An article in the Harvard Business Review cited recent research measuring employee performance. The one factor that was found to make the biggest difference between the most and least successful teams, was the ratio of positive comments to negative comments that the participants made to one another. (Negative comments, the researchers noted, could go as far as sarcastic or derogatory remarks.) The average ratio for the highest-performing teams was 5.6 – six positive comments for every negative one. The medium-performance teams averaged 1.9 or about twice as many positive comments to negative ones. But for the low-performing teams, the average was 0.36 to 1, almost three negative comments for every positive one.
“Negative feedback is important when we’re heading over a cliff to warn us that we’d really better stop doing something horrible or start doing something we’re not doing right away,” the Harvard researchers state. “But even the most well-intentioned criticism can rupture relationships and undermine self-confidence and initiative.
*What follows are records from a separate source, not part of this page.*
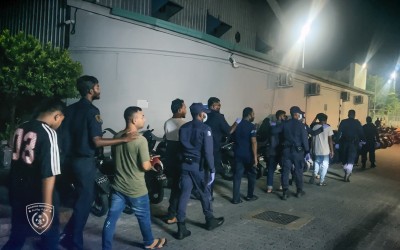 މުޑުދާރު ކެފޭއެއް ބަލައި ފާސްކޮށް، 11 ބިދޭސީން ބެލުމުގެ ދަށަށް ގެންގޮސްފި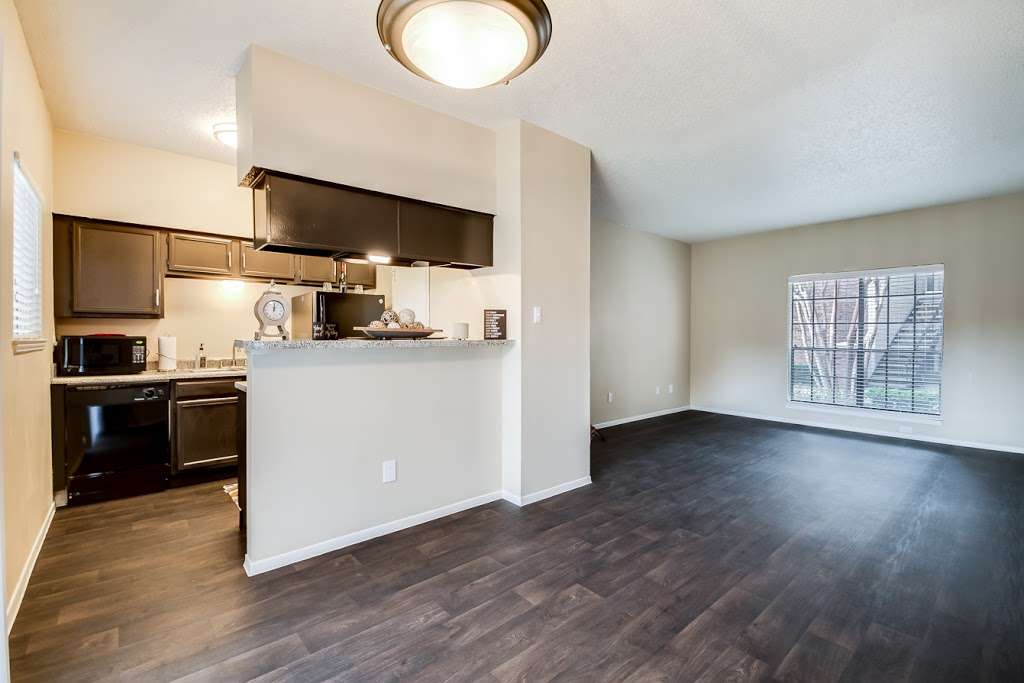 Bristol Apartment Living | 4055 Frankford Rd, Dallas, TX 75287, USA | Phone: (855) 328-4429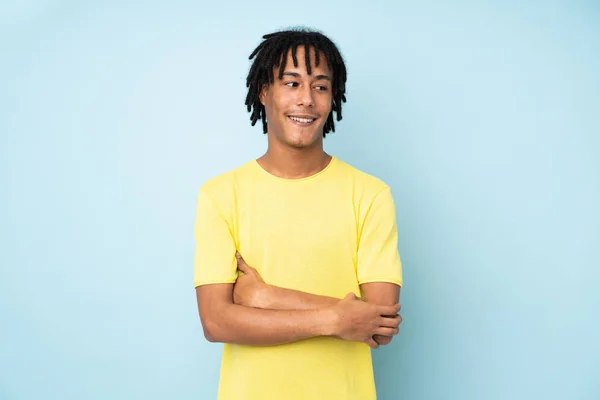 Mladý Africký Američan Izolovaný Modrém Pozadí Zkříženými Pažemi Šťastný — Stock fotografie
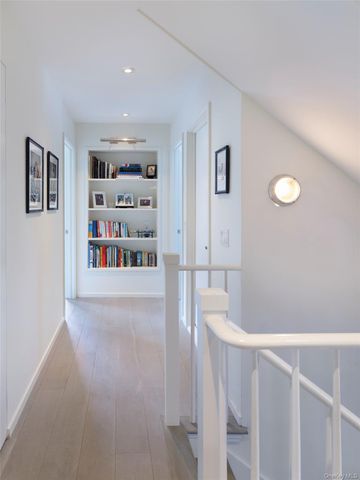 2 Sun Court, Hampton Bays, NY 11946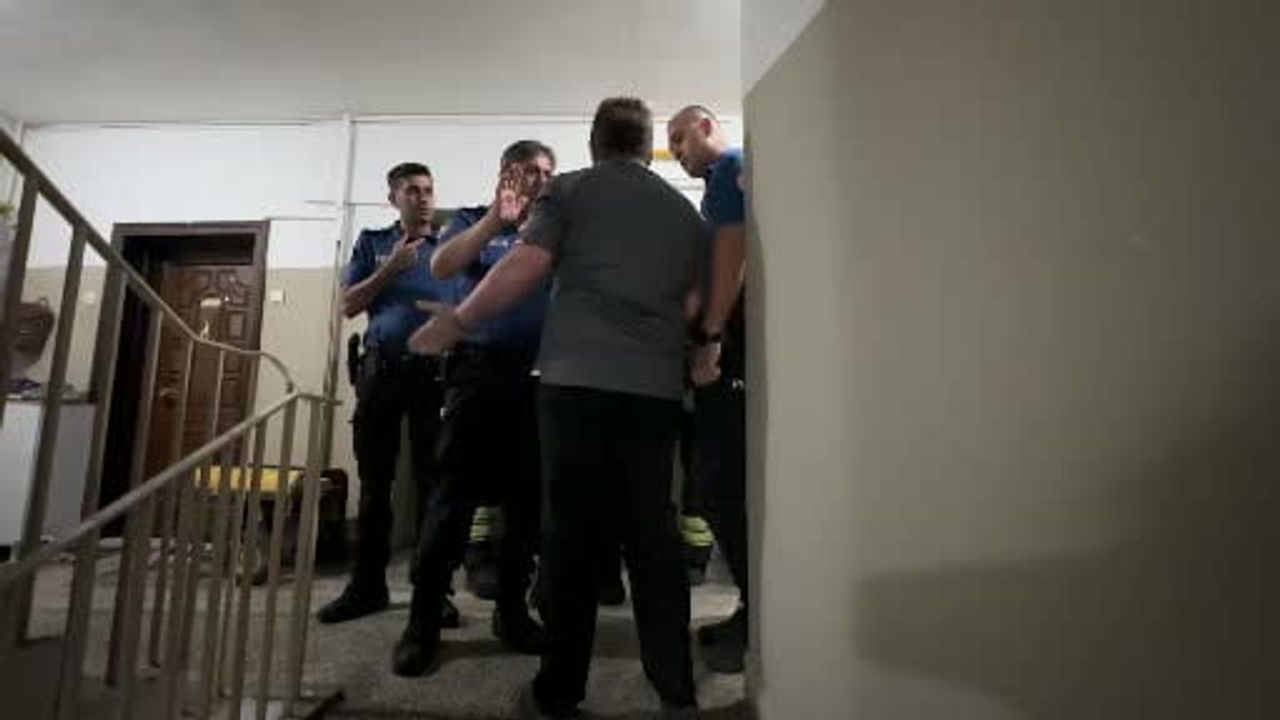 Samsun'da eşyaları yakan genç evine kilitlendi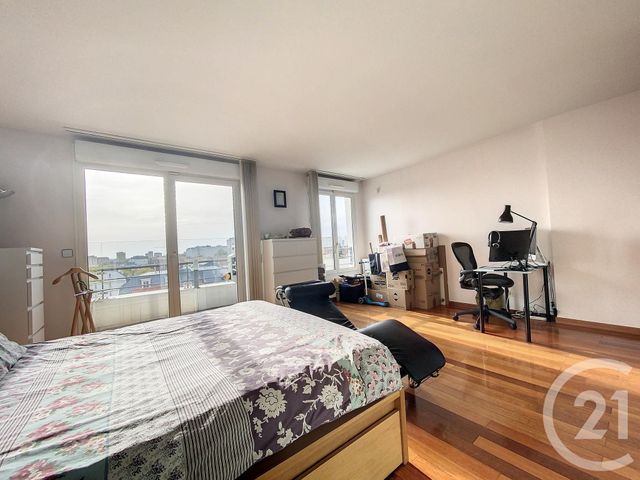 Appartement F4 à louer - 4 pièces - 106.63 m2 - IVRY SUR SEINE - 94 - ILE-DE-FRANCE - Century 21 Raspail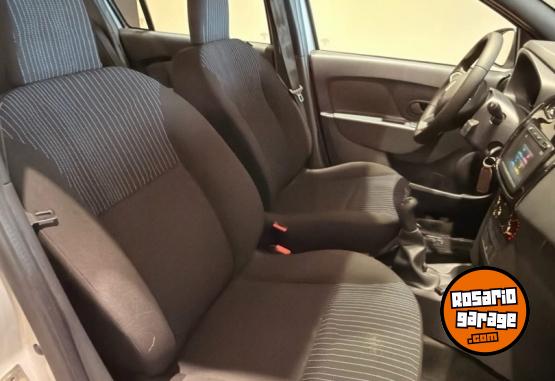 Autos - Renault Logan life 2025 Nafta 47000Km - En Venta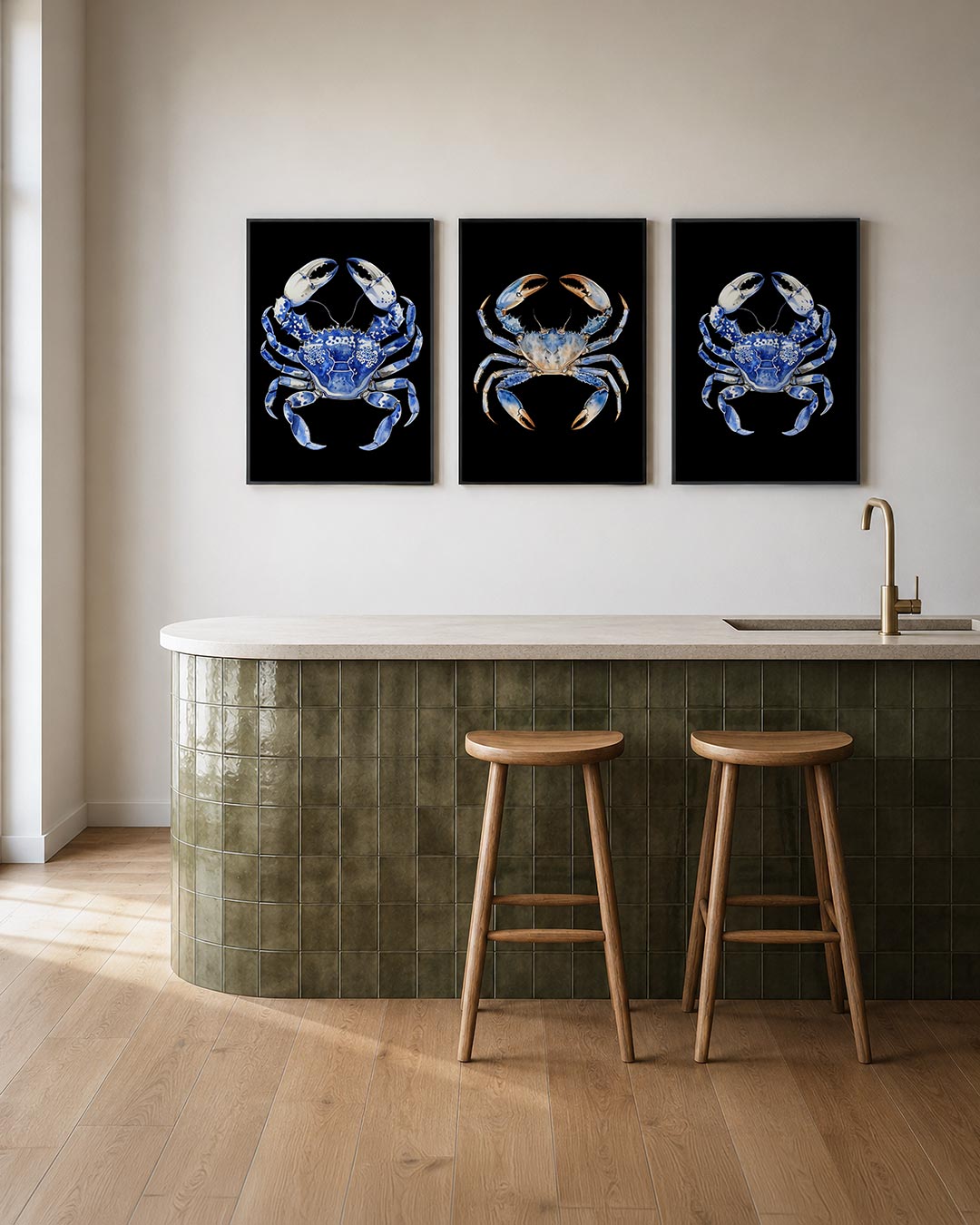 Blauwe krab illustratie posterset – tweede productweergave – een gedetailleerde blauwe krab met witte accenten op een
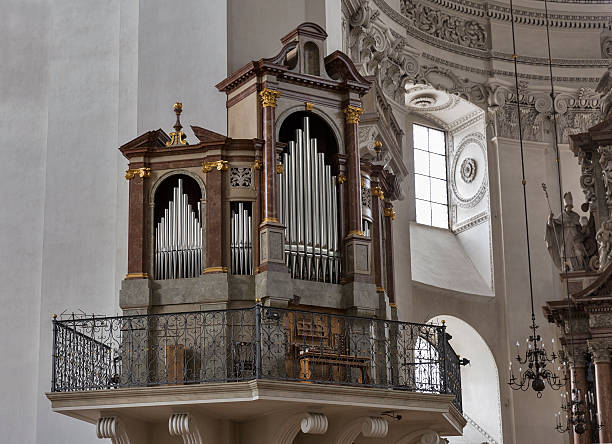salzburger dom organ, österreich. - indoors cathedral salzburg cathedral salzburg stock-fotos und bilder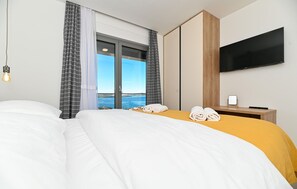 2 bedrooms, iron/ironing board, travel cot, free WiFi - Awesome apartment in Trogir (Trogir)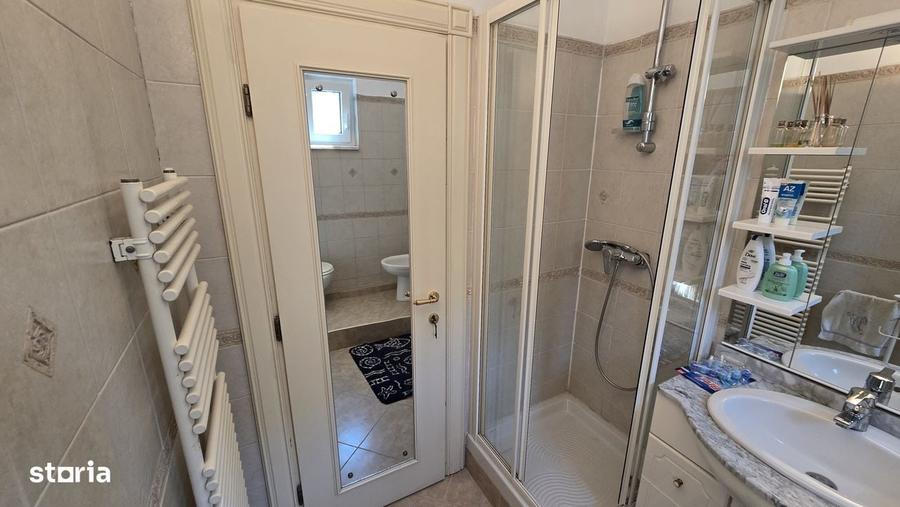 Apartament cu 4 camere în Central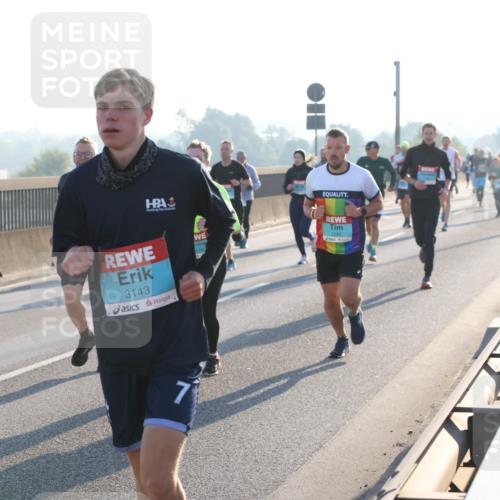03.10.2025 - Köhlbrandbrückenlauf Lena Gebhardt http://msf.ph/oto/9055945 03.10.2025 09:17:14 Position 1 00, 1248, 3143, 110, 7 meine-sportfotos.de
It can change behavior, certainly, but it doesn’t cause people to put forth their best efforts.
“Only positive feedback can motivate people to continue doing what they’re doing well, and do it with more vigor, determination, and creativity.”
How to Tell if Your CEO is a Jerk
Aside from the obvious – he makes you feel bad, people seem fearful and downcast, there is steady turnover – here are three other indicators that your CEO may be a jerk.
- He/She acts like the smartest person in the room – A good leader has faith in the team and respects their abilities and lets their talents shine.
- He/She doesn’t praise employee efforts – The words, “Good job,” are never mentioned and you’re treated like you’re lucky to have a job.
- He/She doesn’t inspire people to follow – There’s a difference between people feeling inspired and enthusiastic or just working for their paycheck. At the end of the day you need to feel like you are engaged, that your contributions are valued and that you are growing as a professional.
A Word of Advice – Take Care of Yourself
It is important to be aware of the potential full impact of a jerk CEO’s negative behavior on your life. Without realizing it, you may be bringing your frustration home and taking it out on your roommates, your family, or yourself with unhealthy eating and sleep habits. Research shows that a bad boss can have a huge negative impact on an employee’s family life. A job is more than a paycheck – it can affect your physical and emotional health.
Be aware that if your CEO is a narcissist, he is unlikely to change. Narcissists think they’re perfect so why would they want to change? The only person you can change is you. Changing your job may be the best place to start.